Trust me, things could be worse

Yes, downsizing your lifestyle would “suck.” But, do you want to know what “sucks” worse than slashing your monthly expenses so that you can save and invest for the future? I’ll tell you:

-Growing old poor, unable to afford to travel and visit your grandkids living with their parents – your grown children – in another city or state

– Having only meager Social Security or pension checks to live off of in your retirement or in the case of our generation, probably no social security at all.

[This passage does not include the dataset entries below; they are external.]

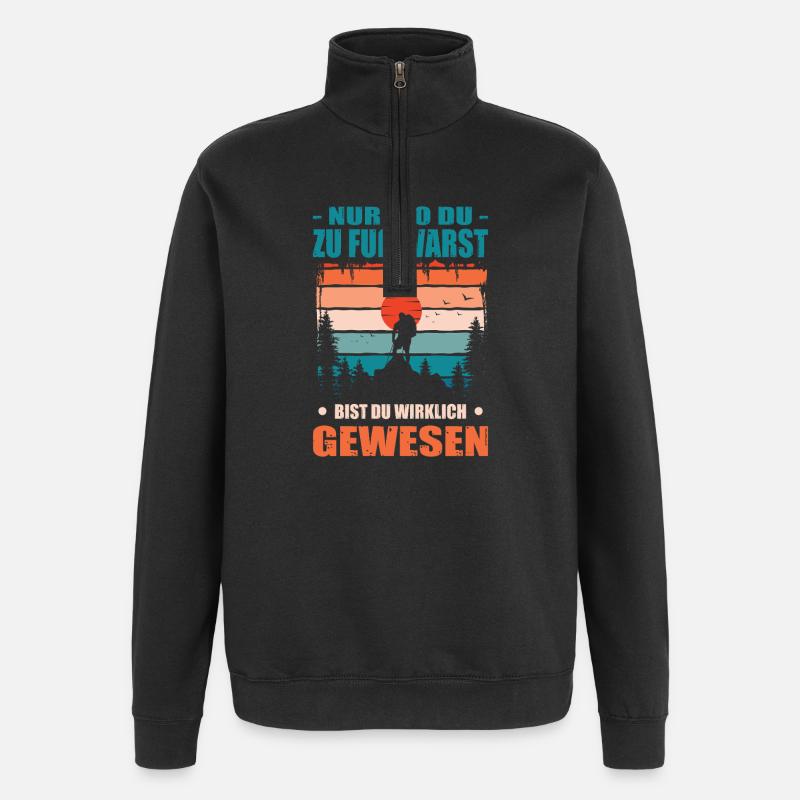 Wandern Sprüche Wanderer Wanderoutfits - Quarter-Zip-Sweatshirt - Schwarz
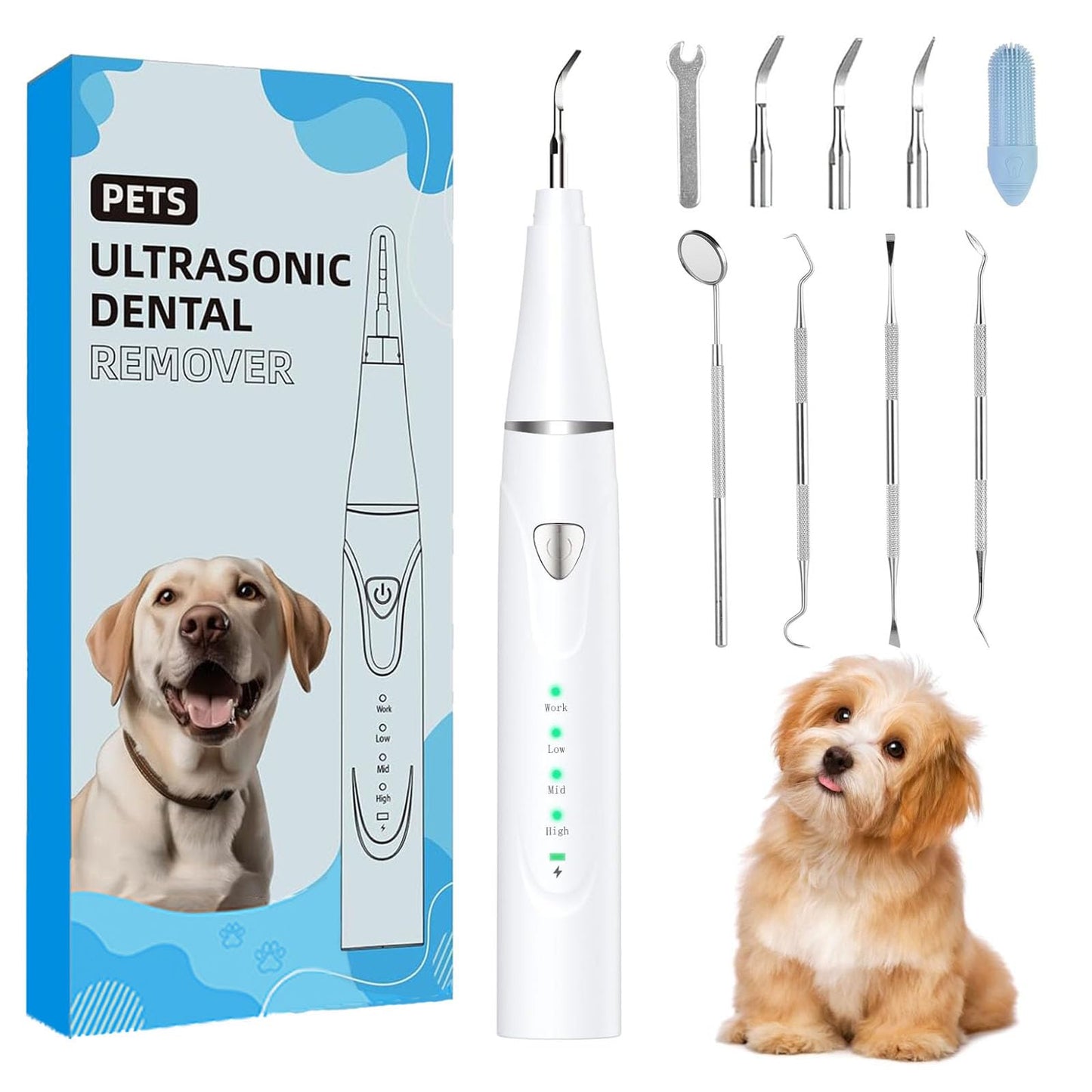 Psytpusa Dog Teeth Cleaning Kit - Dental Plaque Remover Tool, 3 Cleaning Modes, LED Light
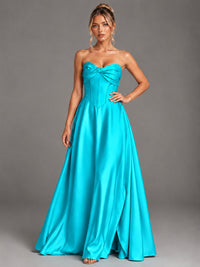Sweetheart Neck Strapless Satin A-Line Prom Dress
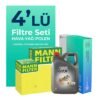 MANN Fiat Linea 1.4 Benzin Filtre Bakım Seti Castrol Motor Yağlı (2009-2017) 4 Lü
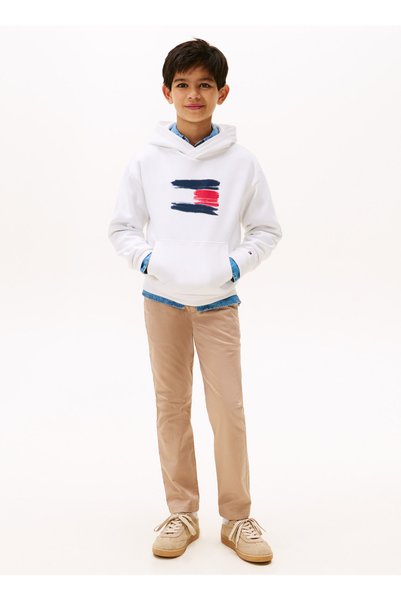 Printed Boy's White Sweatshirt Kb0Kb10112Ybr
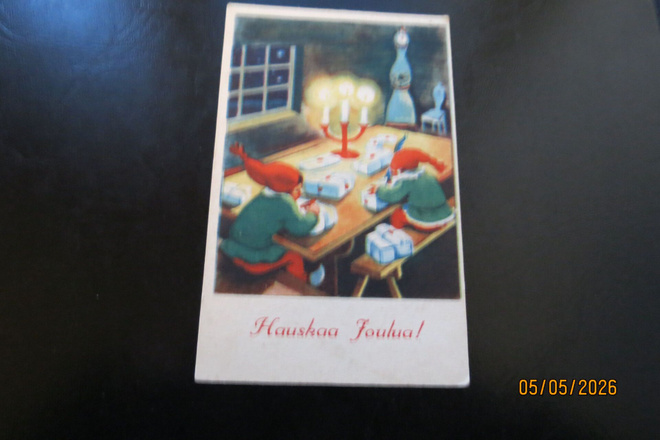 VANHA PIENI JOULUKORTTI KULKENUT 11 x 7 cm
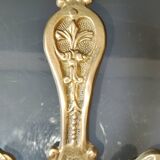 Bourgeoir à main/Rat de cave, Phénix/Paon, en laiton. Style Art Nouveau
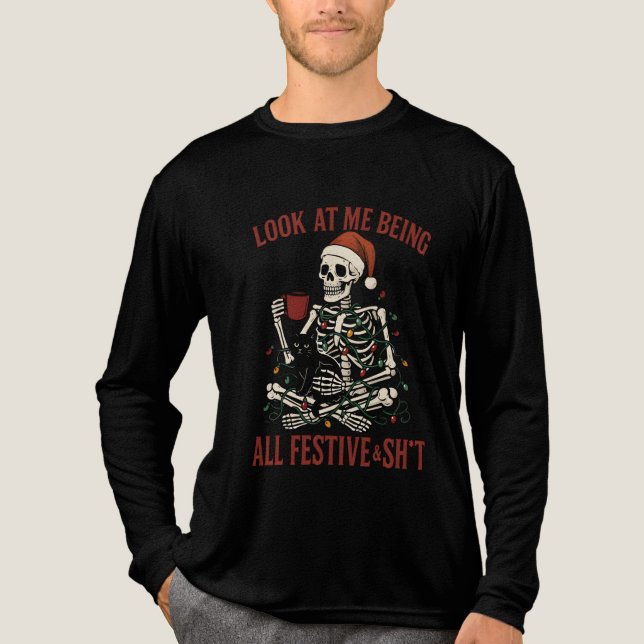 Santa Skeleton with Cat Holiday Snark Tri-Blend Shirt (Vorderseite)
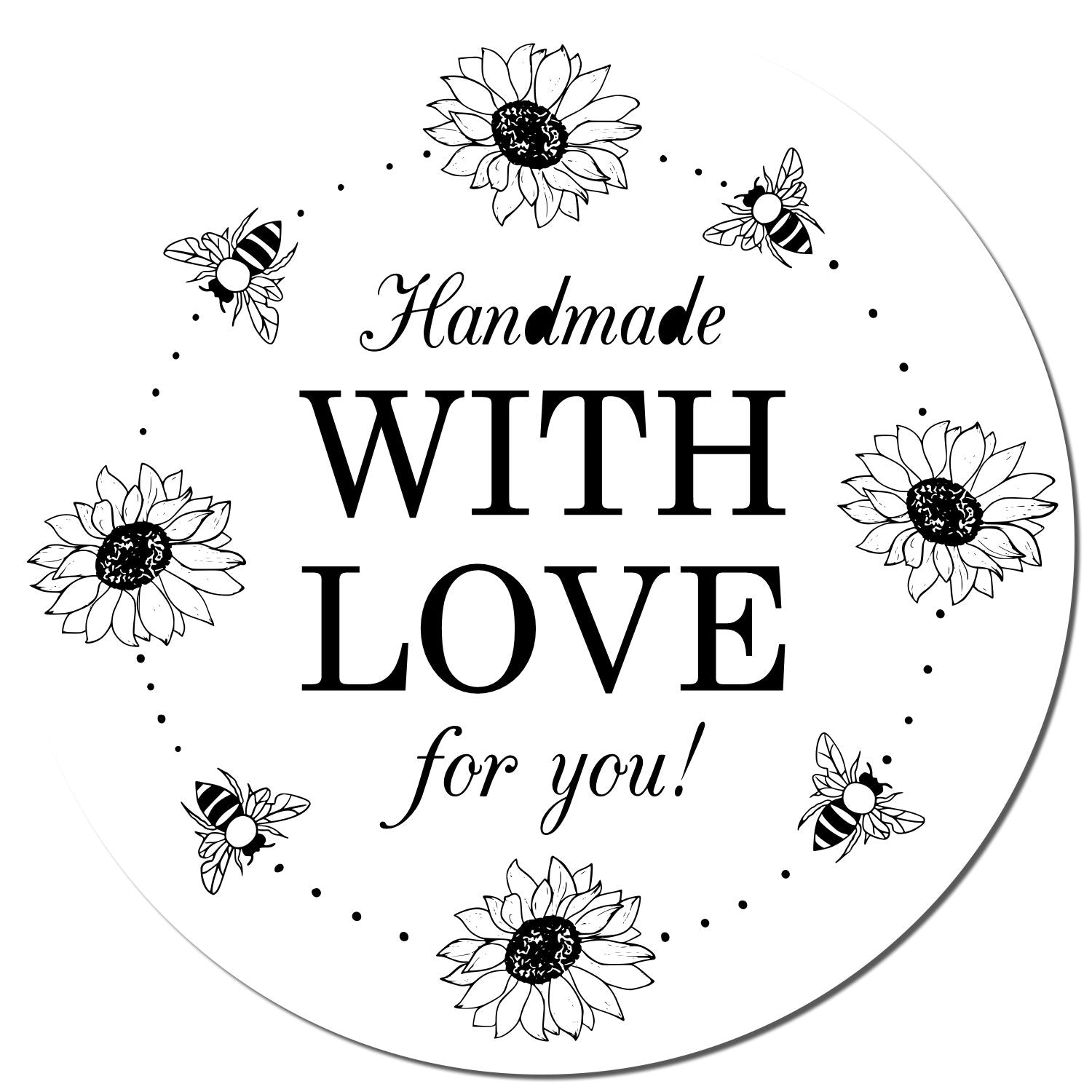 Bee-loved Blossoms Personalized Handcrafted Stamp - Engineer Seal Stamps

– Living your final decades on Earth as a potentially unwanted financial burden on your grown children’s families and their own futures

-Having no choice but to work up until the day you die because, over your lifetime, you failed to create any personal wealth that enables you to choose to stop working in your old age

-Dying penniless, leaving behind no legacy of financial security for your family’s future generations

That is what “sucks” worse. And, that is exactly what a good portion of the people you know (some estimates put it as high as two in three Americans!) are going to do.

 

Do something

You do not have to live your lifestyle the way you live it today. Your lifestyle is largely a matter of choice – your choice. With the exception of financial obligations such as government taxes, court orders to garnish your wages, debt payments to creditors, or other payments for which you have a moral, ethical, or legal responsibility to pay, the cash you earn each month is your cash, and you alone choose to whom you hand over your cash each month. In other words, to save or not to save your cash is largely your voluntary choice.

Stash a large chunk of the cash you earn each month into savings – what a radical idea, huh? Well, if the U.S. government’s personal saving statistics are to be believed, saving cash apparently is a radical idea in early 21st century America. Each month, “financial radicals” across America choose to stash a large chunk of their cash income into savings – cash held at the ready to provide financial security and/or to fund sound, long-term investments. These financial radicals demonstrate a strong preference to save and invest for a brighter future than to spend their hard-earned cash on wealth-depleting consumer goods and services in the here and now.

What about you? If you have made the choice to do what it takes to build wealth over the long term, consider living a “crazy” lifestyle. To do so, make whatever lifestyle changes necessary for you to minimize the amount of cash that you voluntarily hand over each and every month to retailers, restaurants, finance companies, entertainment companies, utility companies, grocery stores, and others. Use the cash left over each month to build financial security and freedom for you and your family over the long term. It all starts when you refuse to live a lifestyle you cannot afford on the income you bring home each month.

Expensive cell phone? Cut it. Expensive car? Sell it. Expensive stuff laying around your house that you don’t need/dont use? Sell it and put the money in savings. Eating out every day? Stop. Personal trainer? Motivate yourself (and use resources such as fitnesstitans.com
Buying tons of groceries? Add a garden this summer. Still spending too much on gas? Ride your bike. Cut up your credit cards.

Its a battle, win it. Its the American dream, live it.